L'unification des provinces sous la coupe des britanniques, pour fonder le Nigeria, ne correspondait à aucune logique ethnique et attisait l'irritation et la rivalité des ethnies.


La minorité Ibos se regroupe dans les villes, en fonction des emplois, quittant le Biafra, leur territoire d'origine.

En 1944, Sir Arthur Richards renforce le processus en adoptant l'idée du régionalisme et en accordant une certaine autonomie à chaque région sur la base d'un fédéralisme.


D'où la naissance de partis séparatistes qui revendiquent le gouvernement du pays.


L'indépendance accordée le 1er octobre 1960 aboutit à un gouvernement de coalition, présidé par le Docteur Azikiwé, avec un premier ministre dans chacune des 3 régions.

En 1963, le Nigeria décide de se séparer de la tutelle de l'Angleterre et s'instaure en république.
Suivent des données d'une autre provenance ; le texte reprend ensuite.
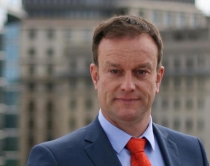 E shp&euml;tuam pak Europ&euml;n!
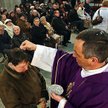 Post, modlitwa i jałmużna to praktyki pobożnościowe, które na czas Wielkiego Postu zaleca Kościół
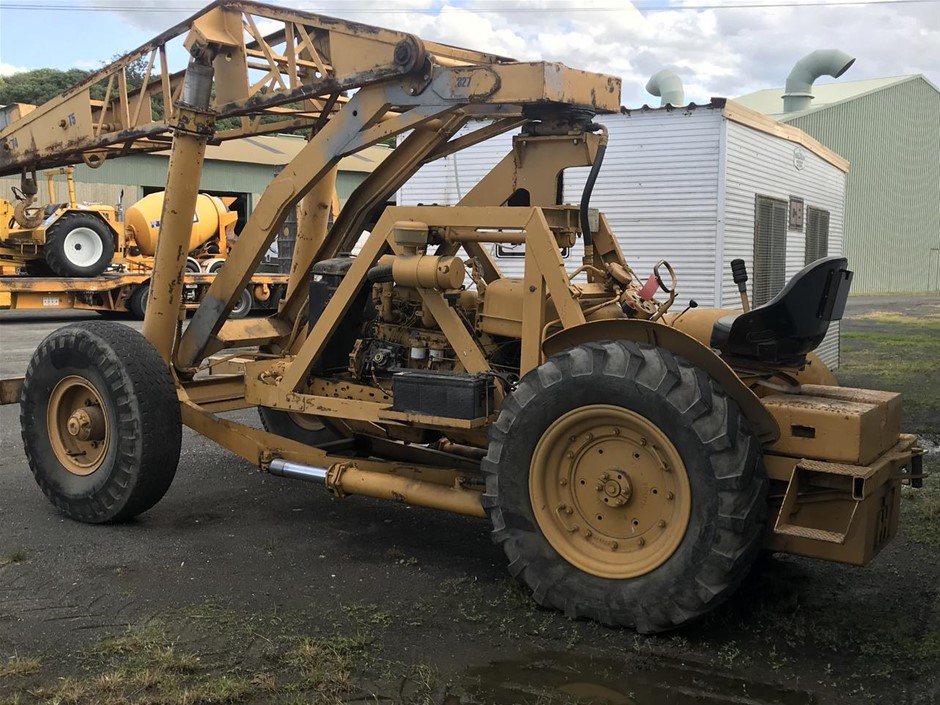 RACHAEL Ray Hard Enamel Aluminum Nonstick Skillet, 12-1/2", Marine Blue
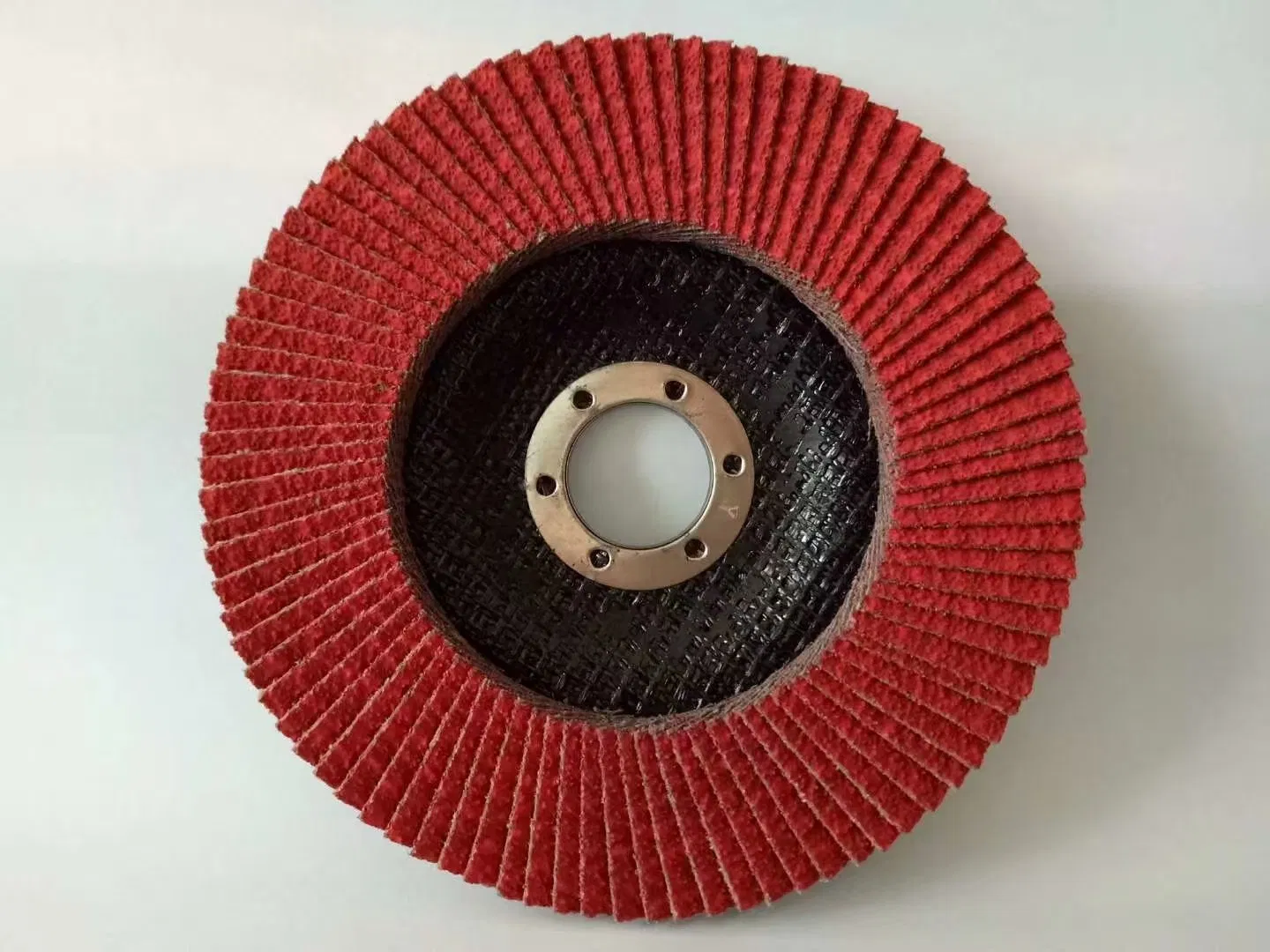 Лепестковый шлифовальный круг для ручного инструмента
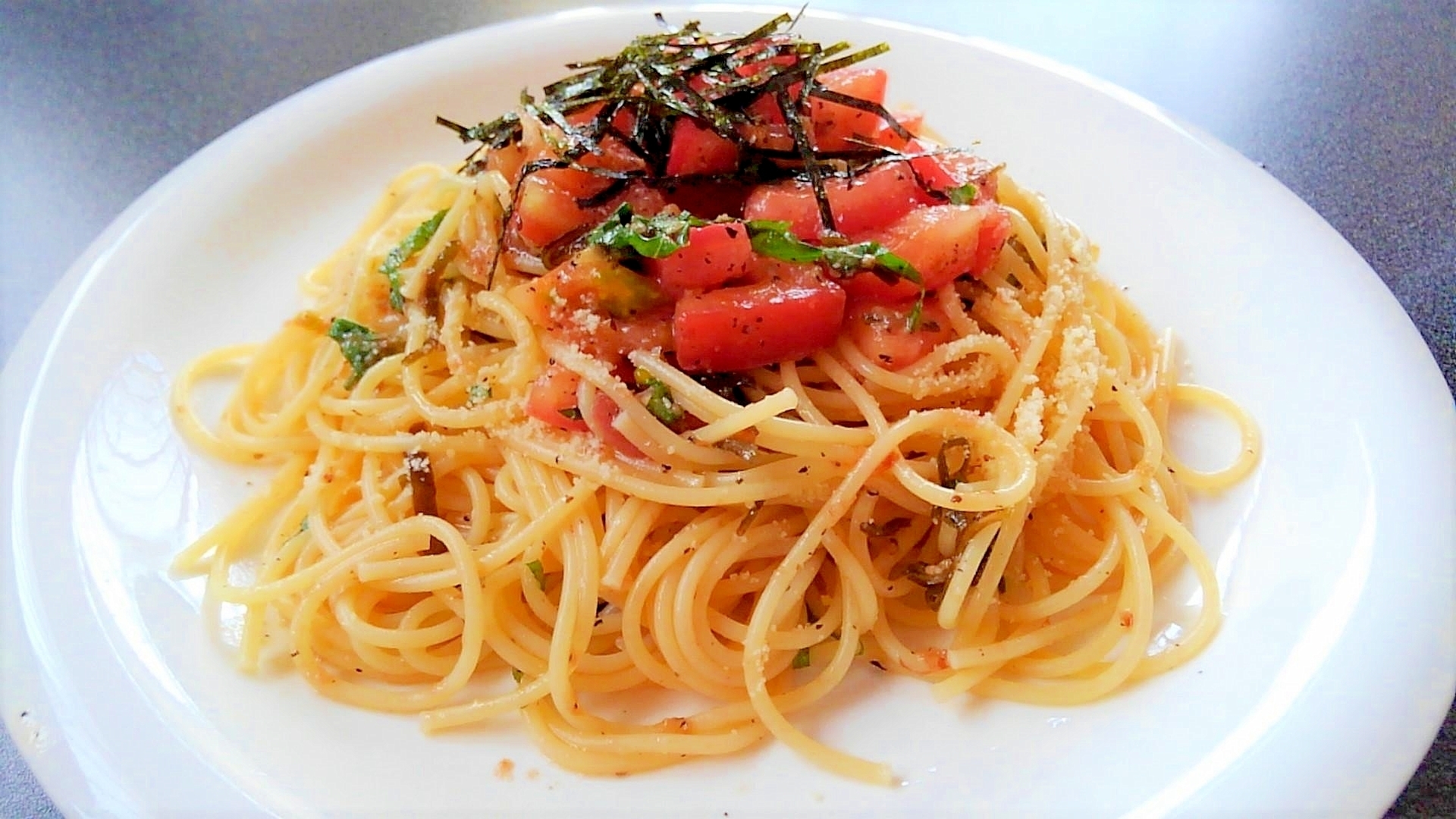 おかかトマトと大葉の冷製スパゲッティ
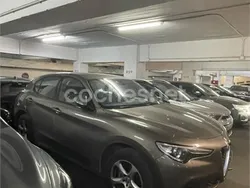 Beige Usado 2017 Alfa Romeo Stelvio Executive SUV | 19.500 € (Precio justo)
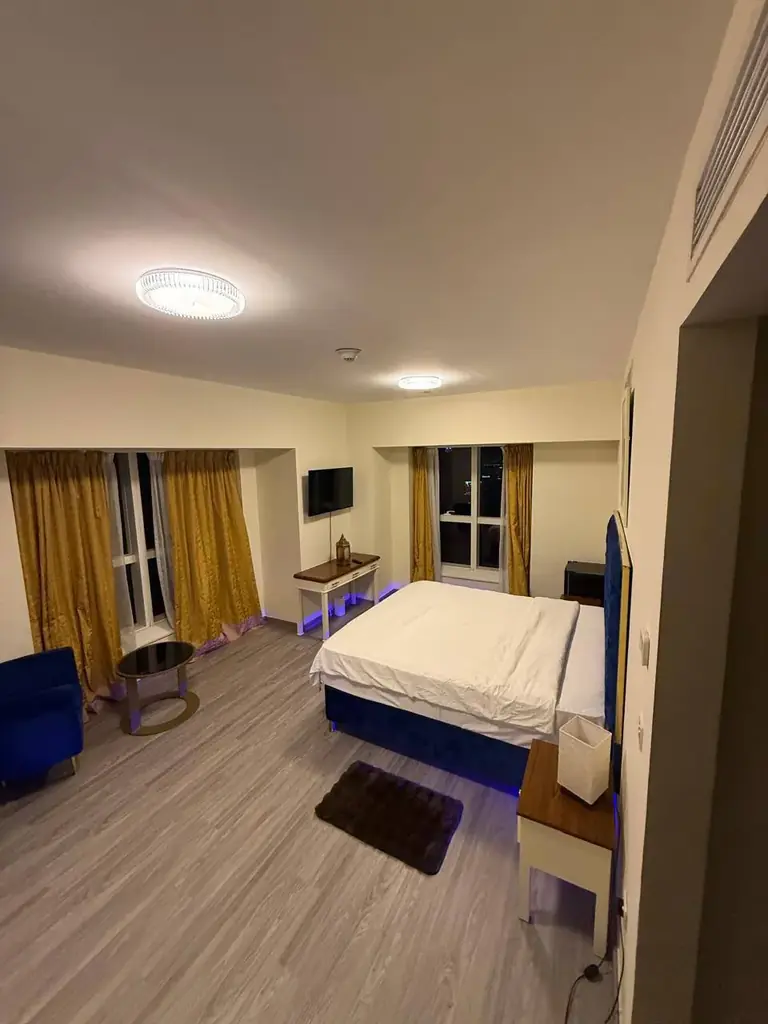 BIG Master room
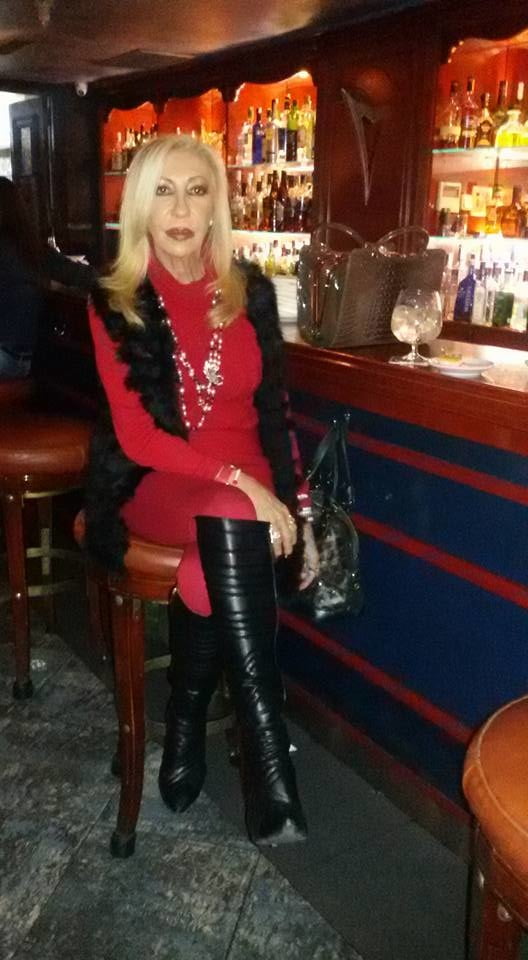 Milfs & gilfs con botas no.1
 #105286287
Le parti nordiste, majoritaire, remporte les élections et renvoie les Ibos de leurs postes, les remplaçant par des nordistes.

   

Le 15 janvier 1966, les Ibos tentent un putch militaire contre le gouvernement. Le général Agoyi Ironsi prend le pouvoir, exécutant les premiers ministres.


Les nordistes réagissent en commençant le massacre des Ibos. Ils font un putsch et remplacent tous les dirigeants Ibos après les avoir exterminés.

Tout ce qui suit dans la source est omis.